Write out each line of the records that has "chatting" in it.

[[ EXERCISE INPUT open ]]

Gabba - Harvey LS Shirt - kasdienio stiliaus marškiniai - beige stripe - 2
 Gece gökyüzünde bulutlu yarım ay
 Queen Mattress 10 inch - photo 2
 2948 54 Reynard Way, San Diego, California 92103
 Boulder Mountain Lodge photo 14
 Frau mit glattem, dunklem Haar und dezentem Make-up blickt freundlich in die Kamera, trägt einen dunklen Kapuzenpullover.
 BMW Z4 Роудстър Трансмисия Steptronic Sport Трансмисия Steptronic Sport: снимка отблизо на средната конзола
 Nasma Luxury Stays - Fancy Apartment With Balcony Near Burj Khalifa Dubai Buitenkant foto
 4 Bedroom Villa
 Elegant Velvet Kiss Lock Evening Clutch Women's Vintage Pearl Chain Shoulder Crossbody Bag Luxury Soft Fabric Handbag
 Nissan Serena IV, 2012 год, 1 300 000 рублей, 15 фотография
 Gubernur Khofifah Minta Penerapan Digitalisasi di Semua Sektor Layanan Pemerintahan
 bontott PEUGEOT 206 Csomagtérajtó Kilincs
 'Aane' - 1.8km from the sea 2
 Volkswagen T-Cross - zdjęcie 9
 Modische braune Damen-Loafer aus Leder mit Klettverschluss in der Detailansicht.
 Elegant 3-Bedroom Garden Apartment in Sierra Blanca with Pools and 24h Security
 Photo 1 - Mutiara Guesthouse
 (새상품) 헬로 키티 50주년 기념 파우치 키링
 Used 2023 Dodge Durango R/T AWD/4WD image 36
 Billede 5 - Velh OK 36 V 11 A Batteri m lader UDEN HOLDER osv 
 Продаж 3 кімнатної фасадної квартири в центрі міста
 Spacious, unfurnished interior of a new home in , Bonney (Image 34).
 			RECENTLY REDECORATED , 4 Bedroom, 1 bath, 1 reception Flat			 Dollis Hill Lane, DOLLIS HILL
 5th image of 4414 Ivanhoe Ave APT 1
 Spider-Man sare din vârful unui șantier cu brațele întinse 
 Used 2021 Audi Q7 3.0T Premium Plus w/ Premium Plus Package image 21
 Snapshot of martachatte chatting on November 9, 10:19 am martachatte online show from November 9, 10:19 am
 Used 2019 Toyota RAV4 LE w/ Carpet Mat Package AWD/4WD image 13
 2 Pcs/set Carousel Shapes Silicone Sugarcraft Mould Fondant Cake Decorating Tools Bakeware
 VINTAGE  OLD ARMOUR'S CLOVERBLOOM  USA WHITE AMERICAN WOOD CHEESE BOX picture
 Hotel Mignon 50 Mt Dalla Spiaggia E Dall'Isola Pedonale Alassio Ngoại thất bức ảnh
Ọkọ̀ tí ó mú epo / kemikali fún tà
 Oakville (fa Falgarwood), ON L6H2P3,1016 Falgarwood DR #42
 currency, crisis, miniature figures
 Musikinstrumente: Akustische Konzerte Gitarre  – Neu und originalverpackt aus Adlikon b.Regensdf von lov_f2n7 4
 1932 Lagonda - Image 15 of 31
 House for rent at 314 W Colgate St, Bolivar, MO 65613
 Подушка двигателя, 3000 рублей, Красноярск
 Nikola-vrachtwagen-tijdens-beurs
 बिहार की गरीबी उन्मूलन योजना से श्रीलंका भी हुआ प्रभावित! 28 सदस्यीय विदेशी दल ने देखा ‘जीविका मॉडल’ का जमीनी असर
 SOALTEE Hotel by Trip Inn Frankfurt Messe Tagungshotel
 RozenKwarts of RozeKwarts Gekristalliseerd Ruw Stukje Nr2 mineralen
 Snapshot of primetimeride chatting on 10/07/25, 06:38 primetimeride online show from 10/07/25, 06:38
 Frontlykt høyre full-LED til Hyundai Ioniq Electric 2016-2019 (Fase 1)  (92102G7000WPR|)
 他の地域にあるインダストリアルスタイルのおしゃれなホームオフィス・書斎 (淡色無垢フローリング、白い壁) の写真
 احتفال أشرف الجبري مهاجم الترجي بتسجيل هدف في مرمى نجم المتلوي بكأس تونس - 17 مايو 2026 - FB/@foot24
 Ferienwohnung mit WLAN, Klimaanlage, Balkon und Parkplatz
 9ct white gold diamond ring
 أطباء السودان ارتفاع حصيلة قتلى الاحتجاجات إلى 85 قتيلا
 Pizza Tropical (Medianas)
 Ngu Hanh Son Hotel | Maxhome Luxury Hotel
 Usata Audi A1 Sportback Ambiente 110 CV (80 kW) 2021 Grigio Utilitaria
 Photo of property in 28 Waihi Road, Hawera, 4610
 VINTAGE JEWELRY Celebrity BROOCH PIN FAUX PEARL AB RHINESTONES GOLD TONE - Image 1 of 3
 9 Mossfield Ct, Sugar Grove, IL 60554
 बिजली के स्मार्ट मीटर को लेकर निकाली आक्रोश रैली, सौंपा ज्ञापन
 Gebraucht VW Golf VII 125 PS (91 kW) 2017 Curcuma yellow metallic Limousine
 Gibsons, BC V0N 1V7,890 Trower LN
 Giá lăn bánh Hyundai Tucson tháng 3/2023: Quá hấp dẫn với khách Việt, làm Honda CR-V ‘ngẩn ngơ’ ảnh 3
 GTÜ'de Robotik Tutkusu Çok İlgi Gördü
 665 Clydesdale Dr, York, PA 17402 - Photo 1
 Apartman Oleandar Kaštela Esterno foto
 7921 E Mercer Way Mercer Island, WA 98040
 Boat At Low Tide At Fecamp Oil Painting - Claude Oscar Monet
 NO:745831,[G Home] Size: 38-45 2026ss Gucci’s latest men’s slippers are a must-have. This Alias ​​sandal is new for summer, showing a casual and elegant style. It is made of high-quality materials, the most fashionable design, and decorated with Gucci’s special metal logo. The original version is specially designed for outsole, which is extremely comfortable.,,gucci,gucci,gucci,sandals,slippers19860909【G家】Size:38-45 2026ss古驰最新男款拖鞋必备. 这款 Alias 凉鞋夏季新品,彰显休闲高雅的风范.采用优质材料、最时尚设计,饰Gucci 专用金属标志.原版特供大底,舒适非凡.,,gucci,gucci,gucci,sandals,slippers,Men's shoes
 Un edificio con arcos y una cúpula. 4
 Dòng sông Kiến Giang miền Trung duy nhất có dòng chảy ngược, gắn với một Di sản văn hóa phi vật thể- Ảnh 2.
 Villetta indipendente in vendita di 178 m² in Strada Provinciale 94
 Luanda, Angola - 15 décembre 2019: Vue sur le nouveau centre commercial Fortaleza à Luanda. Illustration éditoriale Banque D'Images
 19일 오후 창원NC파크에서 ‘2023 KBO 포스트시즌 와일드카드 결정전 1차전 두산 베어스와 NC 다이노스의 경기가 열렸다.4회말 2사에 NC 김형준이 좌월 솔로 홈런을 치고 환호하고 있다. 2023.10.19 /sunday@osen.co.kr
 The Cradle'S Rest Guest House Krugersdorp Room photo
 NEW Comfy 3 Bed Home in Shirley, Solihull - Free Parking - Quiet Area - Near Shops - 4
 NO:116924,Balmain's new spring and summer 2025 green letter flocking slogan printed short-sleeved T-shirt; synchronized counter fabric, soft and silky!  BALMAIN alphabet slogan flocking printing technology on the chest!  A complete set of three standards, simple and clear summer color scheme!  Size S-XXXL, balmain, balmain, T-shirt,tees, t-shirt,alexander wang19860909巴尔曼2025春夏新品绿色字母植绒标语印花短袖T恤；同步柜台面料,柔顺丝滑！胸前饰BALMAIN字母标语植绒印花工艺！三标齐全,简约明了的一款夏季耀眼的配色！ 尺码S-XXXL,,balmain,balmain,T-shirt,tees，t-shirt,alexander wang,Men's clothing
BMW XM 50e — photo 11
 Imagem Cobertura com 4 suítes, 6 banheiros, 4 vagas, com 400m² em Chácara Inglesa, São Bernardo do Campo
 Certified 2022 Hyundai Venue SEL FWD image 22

[[ EXERCISE INPUT closed ]]

*ANSWER FOR THE TASK*.
 Snapshot of martachatte chatting on November 9, 10:19 am martachatte online show from November 9, 10:19 am
 Snapshot of primetimeride chatting on 10/07/25, 06:38 primetimeride online show from 10/07/25, 06:38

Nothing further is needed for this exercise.